Monday, May 10, 2010

Section Line Trail, Cable Line Trail, May 2010

Two Hikes on Tiger Mountain – May 2010 (Cable Line Trail, Middle Tiger via West Side Road, TMT, Artifacts trail)

This is May? What happened to spring?

This has been an odd spring but the work of getting (or staying) in shape continues no matter the weather or the number of birthdays (I wish I could slow those down!). .

I’ve become fond of the Cable Line Trail; it’s a great opportunity to get into or stay in shape.
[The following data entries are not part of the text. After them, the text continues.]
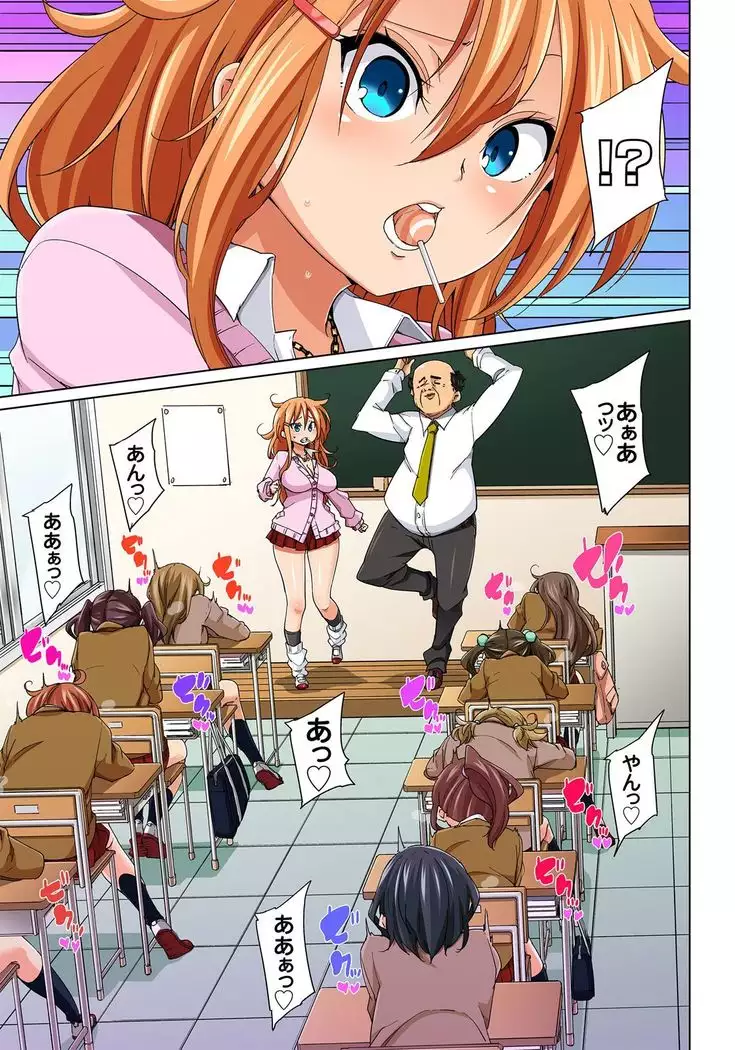 Hattara Yarechau!? Ero Seal ~Wagamama JK no Asoko o Tatta 1-mai de Dorei ni~ 1-16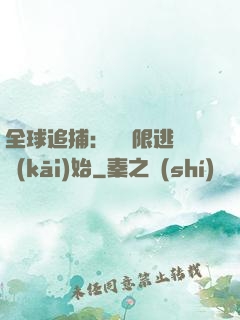全球追捕：從極限逃脫開(kāi)始
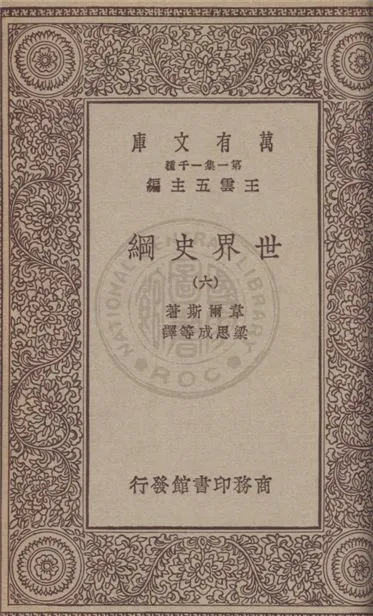 《世界史綱 v.6》 作者:韋爾斯(Herbert George Wells)著 ; 梁思成等譯 1931年  PDF下载-汉笺公版书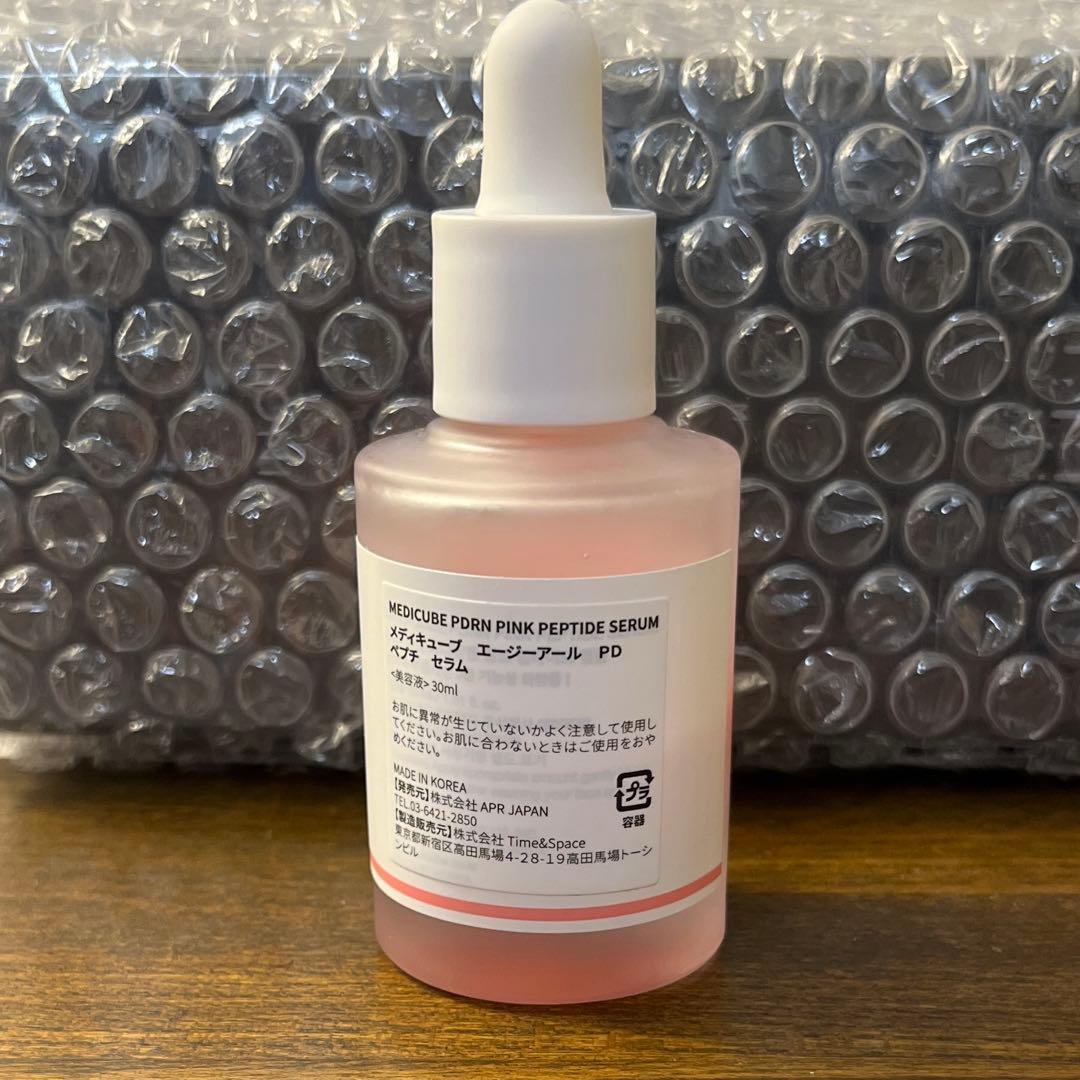 メディキューブ ブースタープロミニ+セラム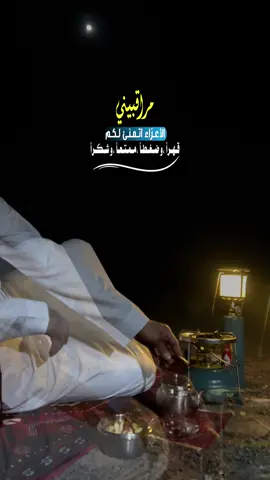 #CapCut #اكسبلور #قوالب #شعر #عبارات #منشن #شاي #قمر #مشاهدات #ترند #مساء_الخير مراقبيني الاعزاء اتمنئ لكم قهرا وضغطا ممتعا وشكرا 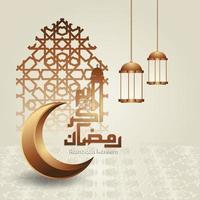 islamischer Ramadan-Kareem-Kalligraphiedesign mit luxuriösem Halbmond, islamischer Laterne und Moscheemuster auf islamischem Hintergrund. vektor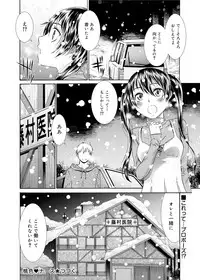 Canopri Comic 2012-02 Vol.16 [Digital]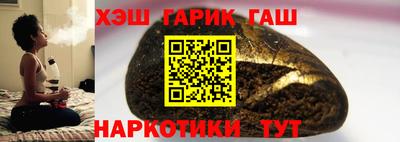 твердый Наро-Фоминск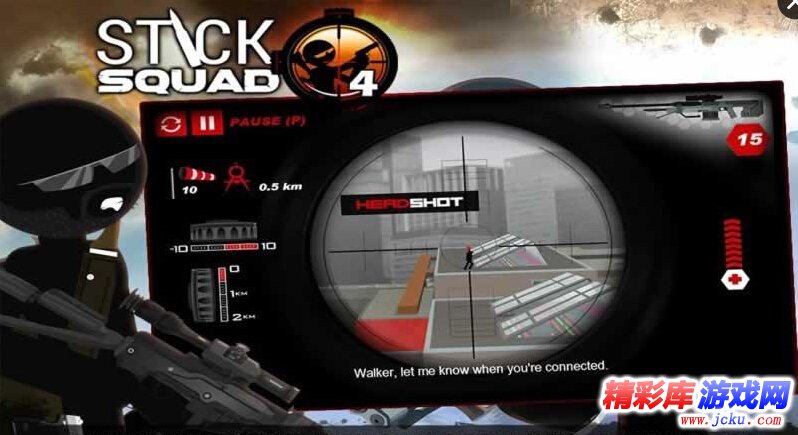 火柴人狙击手4安卓版 2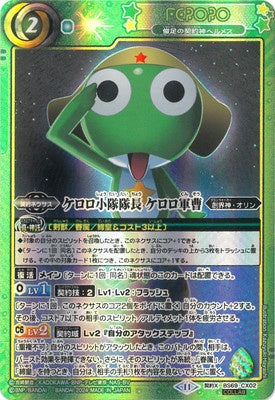 Battle Spirits - Keroro Platoon's Leader, Sergeant Keroro [Rank:A]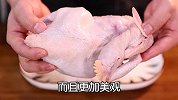 外面99一只的窑鸡，被我用10块钱就复刻出来了！省钱计划get！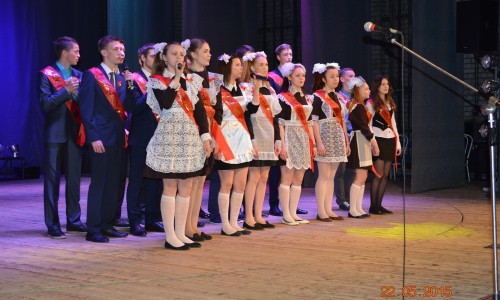 Последний звонок 2015 в Кирове прозвенит для более чем 5 тысяч учеников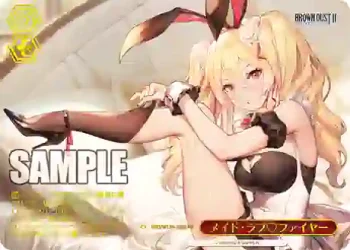 BRD/W139-108S PR メイド・ラブ♡ファイヤー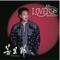 LOVERS feat. Miliyah Kato - Wakadanna lyrics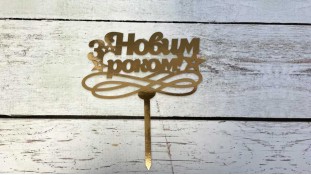 Топпер "З Новим Роком" №6, картон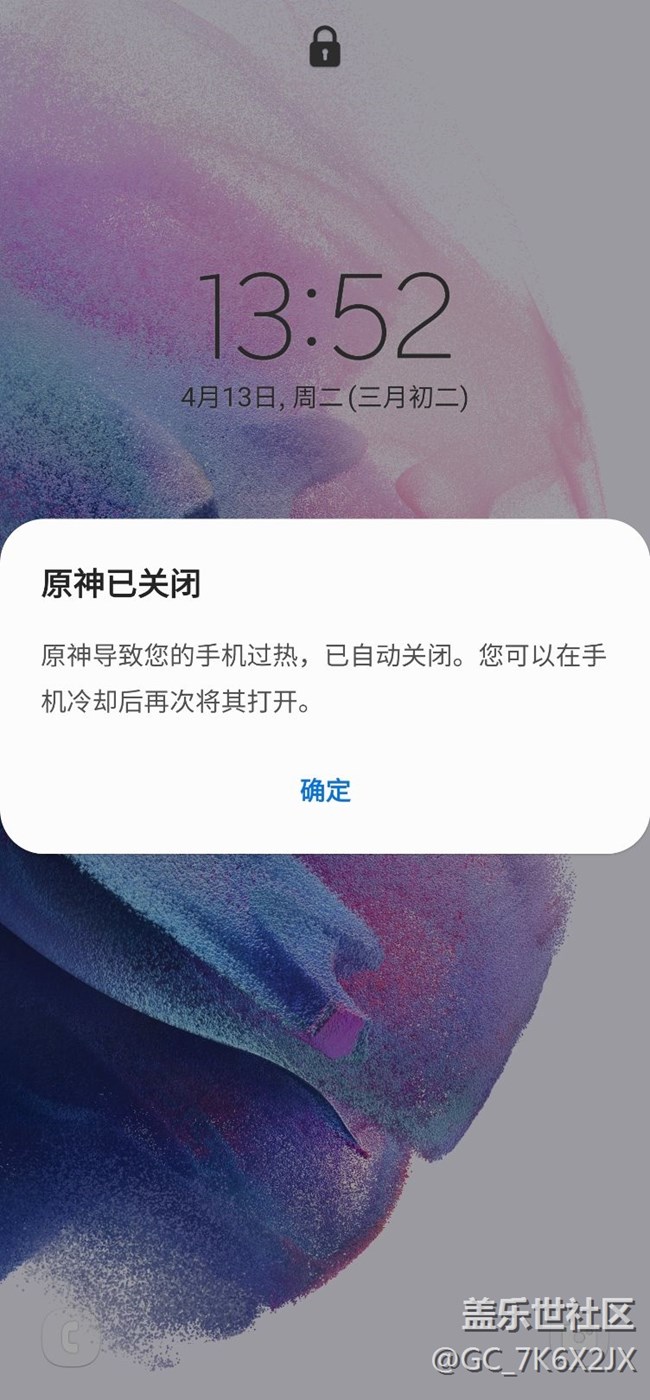 很好 原神不流畅也就算了 还给我强制退出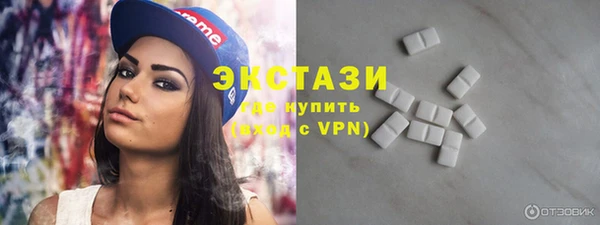 MESCALINE Киреевск
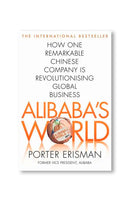 Alibaba's World by Porter Erisman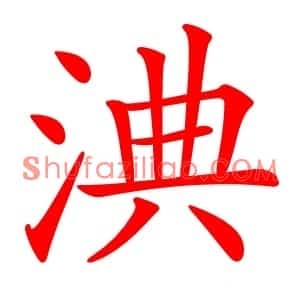 淟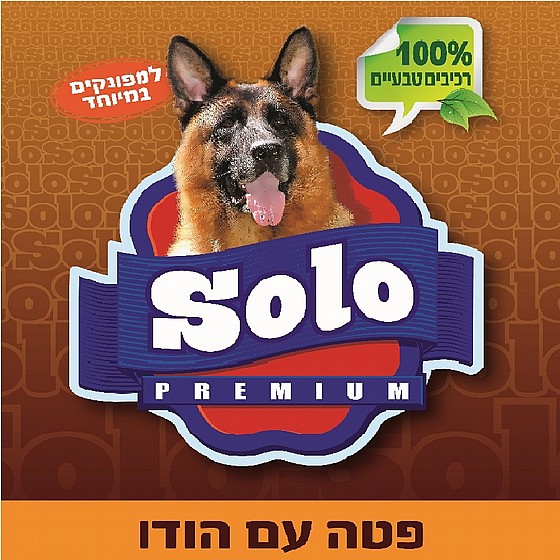 ����-����� ���� ��� ����, 400 ���  Solo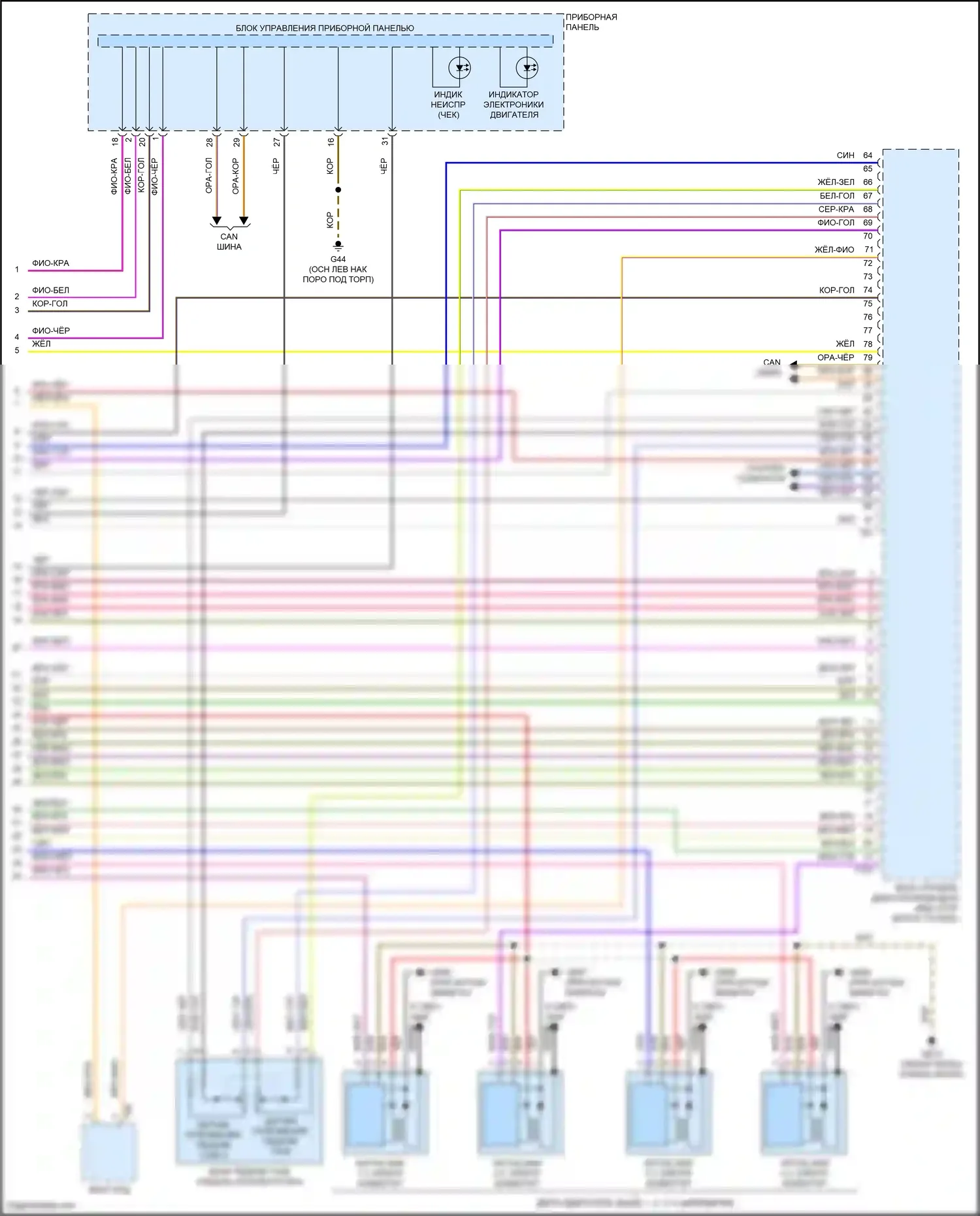 Passat Volkswagen B8 рестайлинг (2019-2024): Электросхема двигателя 2.0л турбо (7 из 7) 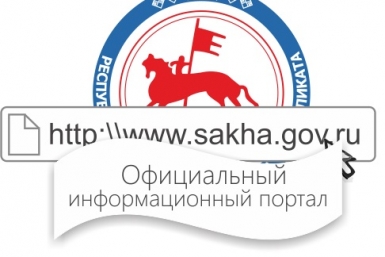 Sakha.gov.ru стал лучшим порталом Пресс-служба Минсвязи РС(Я)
Though I am long in the tooth I get a little faster every time I tackle it and feel I could climb forever.

We arrived at the Cable Line trailhead on a rainy Saturday morning; despite the nasty weather there were already other hikers on the Cable Line. I passed a few hikers on the trail; a few passed me. It used to be that everyone passed me so I have no complaints. Besides, it’s not about ego – it’s about feeling fit because being fit feels good.

This trail simply gets down to the business of getting to the summit of West Tiger 3 as efficiently as possible; mostly straight up. When it’s muddy, care is needed to keep from slipping in the mud whether climbing or descending. When it’s dry care is needed to keep from skidding on the packed dirt, especially descending. It was muddy though we managed to stay upright, coming and going.

It was too cold to spend time on the summit; we elected to hike down via the Section Line trail, another favorite trail. We’ve hiked the Section Line trail often enough now that we have “favorite” trees and always give them a pat in passing; seeing our pet trees is almost like running into old friends.

At lower elevations spring is springing into action – woodland flowers are blooming. We spotted trilliums, bleeding hearts, violets, fringe-cup, vanilla leaf (no flowers yet), wild ginger, false lily-of-the-valley.

By the time we got back to Tradition Plateau we still felt like hiking so hiked the Swamp Trail, the Ruth Kees Big Tree trail and the Adventure Trail. These trails are more lonesome than many trails at Tiger though we did run into a few other hikers.

This reminds me -- a woman was recently assaulted on a trail near Tradition Plateau (a potential sexual assault) but she fought back and the man ran off. We were surprised to hear of this – that happened on a Saturday morning, generally a busy time on Tiger Mountain. Since then a sketch has been released of the assailant; if you haven’t already done so take a look at The Seattle Times for the sketch. And be on the alert.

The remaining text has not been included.